# Gallipoli ANZAC war memorial



## ADZphtg (Mar 23, 2008)

After a trip to the amazing site here at RCMorgans request are some pics









































































Some are HDR'd, some have had to compressed massively to fit in photobox so please don't tell me they pixelated or grainy - I KNOW!!
Adam


----------



## parish (Jun 29, 2006)

Great shots, but the one with the tree (3rd from the bottom) is too over-done - the tree doesn't look right against the sky


----------



## -ROM- (Feb 23, 2007)

What's the story behind the damage? can't say i'm up to speed on this.


----------



## ADZphtg (Mar 23, 2008)

yeah i know, too much time sat in hotels playing with CS4 and HDR software. I have hundreds i haven't even looked at yet so will update later


----------



## ADZphtg (Mar 23, 2008)

The Turks have been relaying the access road through the site, As it is a mass war grave there are remains all over the place. They were meant to JUST relay the road but went through and dug what appears to be storm drains, uncovered several bodies and didn't even notice. 
They have been removed now to be laid to rest 
Amazing place, well worth a visit

Adam


----------



## V8burble (Jul 3, 2007)

Some nice shots :thumb:

I echo the comments above about the level of PP and HDR, but would also add that for me the shots with forground interest (rose and poppy/cross) I think that as these lead you into the background, I would have pref to see the background in focus, rather than isolated in this instance. Depending on your lens I would have gone out to something at or above f/22, rather than f/13, although camera support would be required.
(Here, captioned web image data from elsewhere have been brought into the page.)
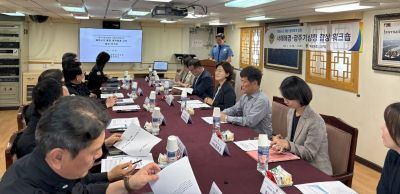 서해광역경비구역 경비함정인 1509함에서 서해해경청과 광주기상청이 해양기상 함상 워크숍을 진행하고 있다. [사진제공=서해지방해양경찰청]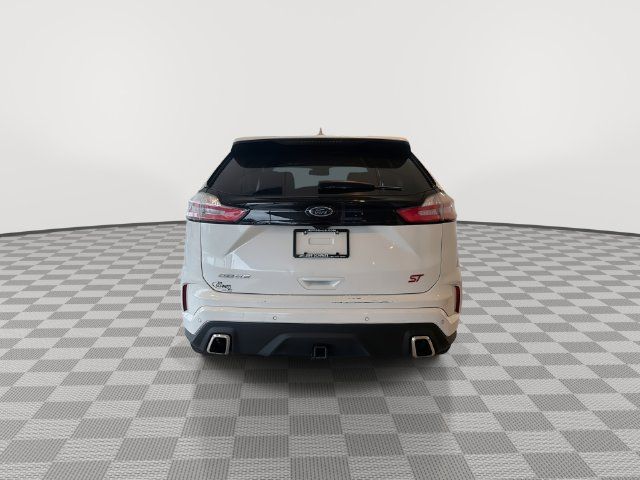 Used 2020 Ford Edge ST w/ Cold Weather Package AWD/4WD image 10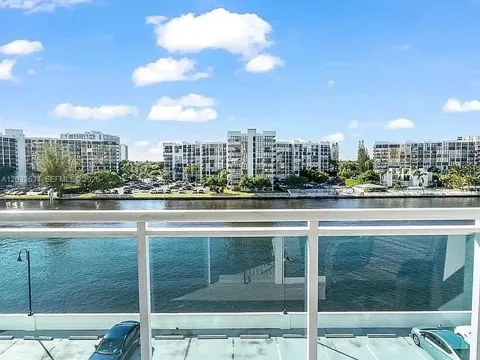 3000 S Ocean Dr #420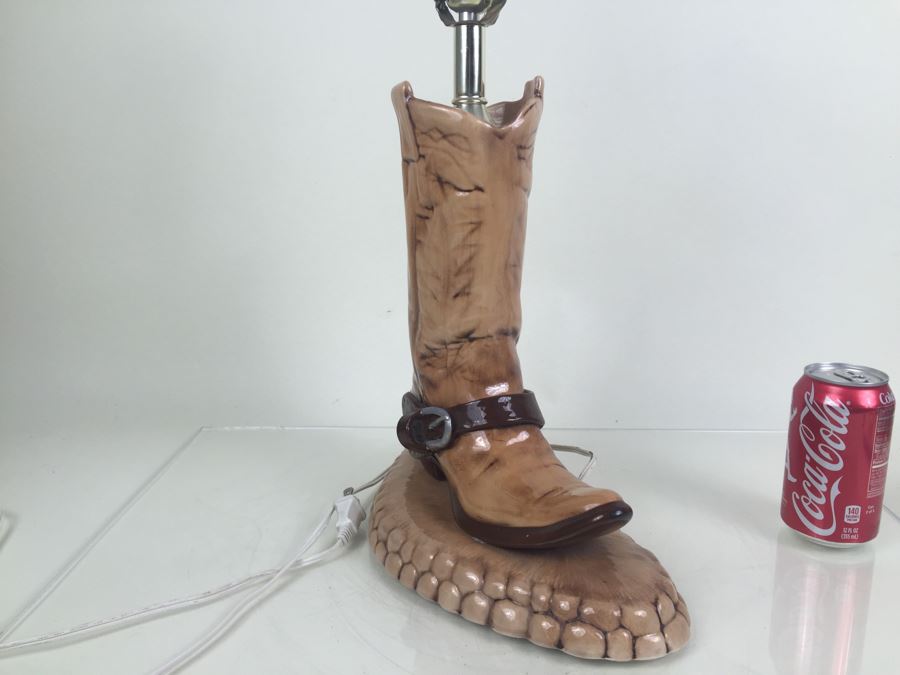 Painted Ceramic Western Cowboy Boot Lamp With Cowboy Hat Finial [Photo 7]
Looks a very thought provoking location.


----------



## Bigpikle (May 21, 2007)

moving subject matter - having been to war memorials over the world they are very emotionally charged places...

For me to enjoy these more i would like to see much less PP and HDR work, as I just cant look at the subject matter in them with such an 'artificial' feel to them all. I would also like to see the horizons straight, as that really puts me off and I'm not sure its exactly straight in any of them. I quite like many of the compositions though.

thanks for posting.


----------



## ADZphtg (Mar 23, 2008)

As many have said they were over processed (even tho i did in my OP) here are some of my OUT images.


----------



## dubnut71 (Jul 25, 2006)

Great Shots Adam, I seem to have taken some similar, I think I got the inspiration from your good self!....


















































Sorry for the hijack! great places and very serene.


----------



## IanG (Nov 21, 2007)

Very good pictures my late grandfather was at Gallipoli during WW1 and was one of the fortunate survivors of the campaign.

Thank you for taking the time to show these pictures.


----------



## joe_0_1 (Apr 7, 2007)

Fantastic pictures


----------